Sexual Assault

What is Sexual Assault?

Sexual assault occurs when someone is coerced or forced into any type of physical or sexual contact. You may know of sexual assault as "rape", "date rape", and/or "acquaintance rape."

Sometimes, a person may feel that they have to "go along with" or "give into" their partner's requests or demands. They may do so to avoid upsetting the person, or because they fear for their own safety if they said no. Sexual assault is NEVER the fault of the victim.

Date Rape and Acquaintance Rape:

When a person has experienced date rape and/or acquaintance rape, they have been coerced into sexual activity by someone they know. The perpetrator is almost always a man, and though both men and women can be raped, women are most often the targets of this violence. It is difficult to know precise statistics on male survivors of sexual assault, as many rape survivors choose not to report attacks. However, men are raped by other men and are also victims of sexual violence. Date and acquaintance rape can happen to or be perpetrated by anyone.

Have you experienced or observed any of the following:

  • Not trusting yourself or other people.
  • Feeling shock, numbness, disbelief, and/or denial.
  • Feeling depressed.
  • Having thoughts of hurting yourself or thinking about committing suicide.
  • Feeling fearful, anxious, nervous, and/or panicked.
  • Having problems in relationships or being intimate.
  • Blaming yourself, feeling guilty, shameful, and/or embarrassed.


If you were sexually assaulted, and find that you are experiencing any of the above feelings or experiences, you should consider seeking help.

What to do if you have been sexually assaulted:

  • Find a safe environment - anywhere away from the attacker.

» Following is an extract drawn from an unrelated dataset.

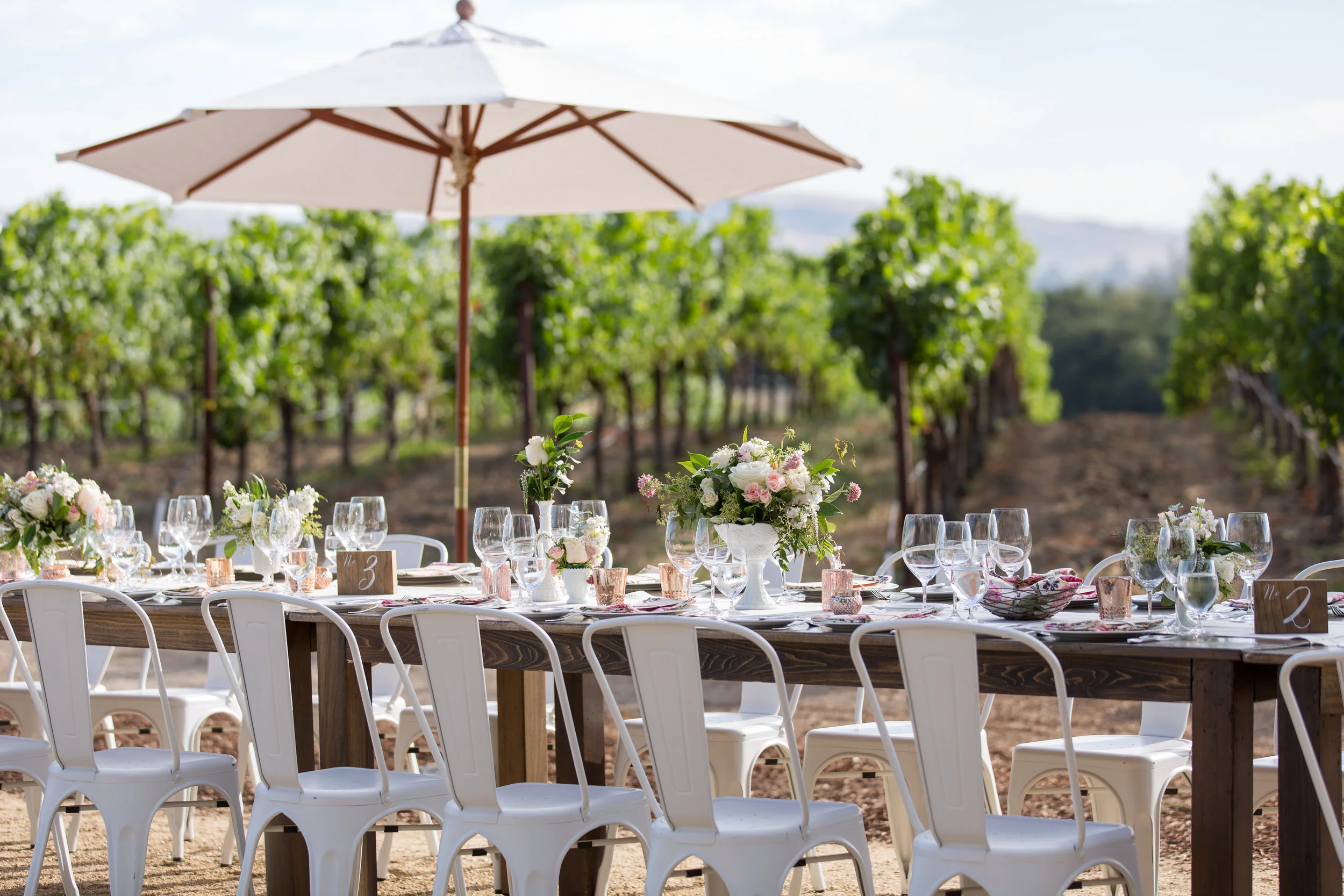GunBun Winery Wedding Decor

Ask a trusted friend to stay with you for support.
  • Preserve evidence of the attack - don't bathe, douche, or brush your teeth. Write down all the details you can recall about the attack & the attacker.
  • Get medical attention. Even with no physical injuries, it is important to determine the risks of STDs and pregnancy.
  • To preserve forensic evidence, ask the hospital to conduct a rape kit exam.
  • If you suspect you may have been drugged, ask that a urine sample be collected. The sample will need to be analyzed later on by a forensic lab.
  • Report the rape to law enforcement authorities. A counselor can provide the information you'll need to understand the process.
  • Remember that it wasn't your fault.
  • Recognize that healing from rape takes time. Give yourself the time you need. Know that it's never too late to call. Even if the attack happened years ago, there are resources available to help you. Many victims do not realize they need help until months or years later.